No dia 23 de junho, daqui a pouco mais de três semanas, os britânicos haverão de escolher se querem ou não a permanência do Reino Unido na União Europeia. O debate, que nada tem de novo, ganhou ímpeto temerário desde o agravamento da crise migratória na Europa, ante a falta de estratégia clara que os políticos do “continente” têm revelado não só para resolver esse, como para atenuar outros problemas da região. A Grécia é a eterna obviedade, mas não se trata só da Grécia. A demora para avançar na necessária união bancária, com a imposição de regras e regulações que não agradam a Inglaterra, cujo PIB ainda é muito dependente dos serviços financeiros apesar dos abalos sofridos pela crise financeira internacional, é outra razão para o descontentamento. Há percepção crescente entre os britânicos de que a Europa é mais fardo do que benefício, mesmo com os esforços do Primeiro Ministro David Cameron, e do agora aliado inusitado Sadiq Khan, prefeito de Londres e membro do Labour Party – o muçulmano recém-eleito que surpreendeu o mundo – de contrapor tal visão.
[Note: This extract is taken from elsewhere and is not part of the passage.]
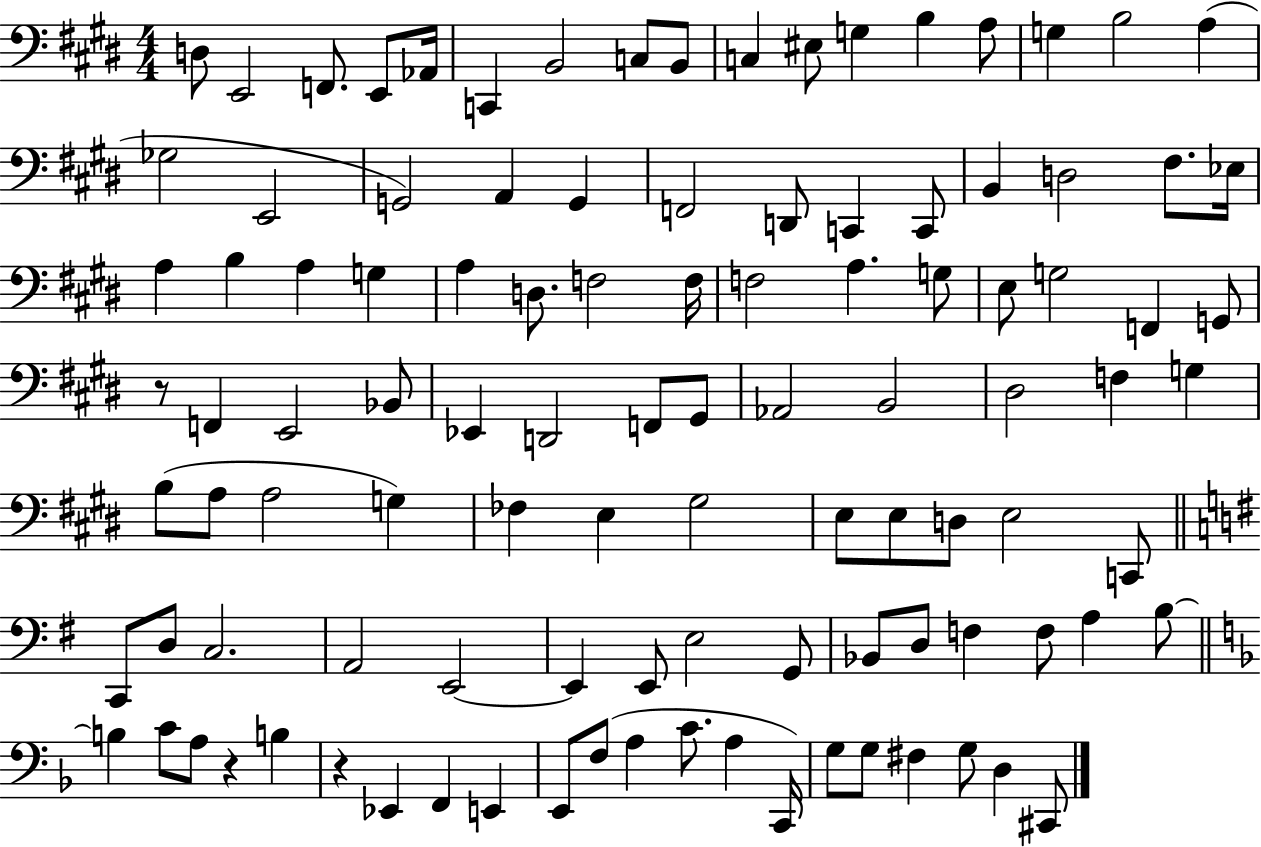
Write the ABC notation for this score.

O que está em jogo caso a Inglaterra saia da União Europeia? Por certo, a solidez da atividade e do mercado de trabalho. Movimentos contrários à integração – ou, a desintegração – não tendem a trazer benefícios. O que antes se fazia com facilidade – o comércio com a Europa, por exemplo – ficará mais complicado, afetando a recuperação do Reino Unido, repercutindo no mercado de trabalho. Haverá sentimento crescente de que a Inglaterra é ambiente mais arriscado, aumentando a volatilidade dos mercados, como já se vê nos spreads de juros e no câmbio. No fim, é provável que o Banco da Inglaterra tenha de aumentar, e muito, as taxas de juros para estancar a volatilidade e a desvalorização da libra, com os efeitos já conhecidos sobre a atividade e o emprego. O Reino Unido passará a ser destino menos atraente para grandes empresas estrangeiras, ou mesmo britânicas, que, por certo, haverão de escolher países membros da UE para os seus negócios, diante da maior facilidade para conduzi-los e dos mercados ampliados que a Inglaterra não mais haverá de prover. Nada disso, entretanto, tem ressoado com o devido vigor entre o povo que haverá de escolher em poucas semanas o destino da ilha. Prevalece a desconfiança em relação aos seus governantes, aos líderes da Europa, e ao temor tácito de que a crise migratória venha a afetá-los – a eles e seus empregos, a eles e à capacidade de que o Estado possa prover serviços para todos. Ainda que tenham sido muito poucos os imigrantes a cruzar o Canal da Mancha, refugiados do Estado Islâmico.
Do outro lado do oceano, a escolha estúpida é aquela que se torna cada dia mais provável: Trump, presidente dos EUA. Fica para outro artigo análise sobre o pós-novembro, sobre mundo com Trump. Contudo, fica o alerta: os EUA estão cada vez mais inclinados a escolher alguém cujo preparo para exercer o cargo mais alto do país é inexistente.
Sentiram algum consolo em relação às escolhas de Temer? Algum schadenfreude, conforto proveniente das escolhas estúpidas dos outros? Nem eu.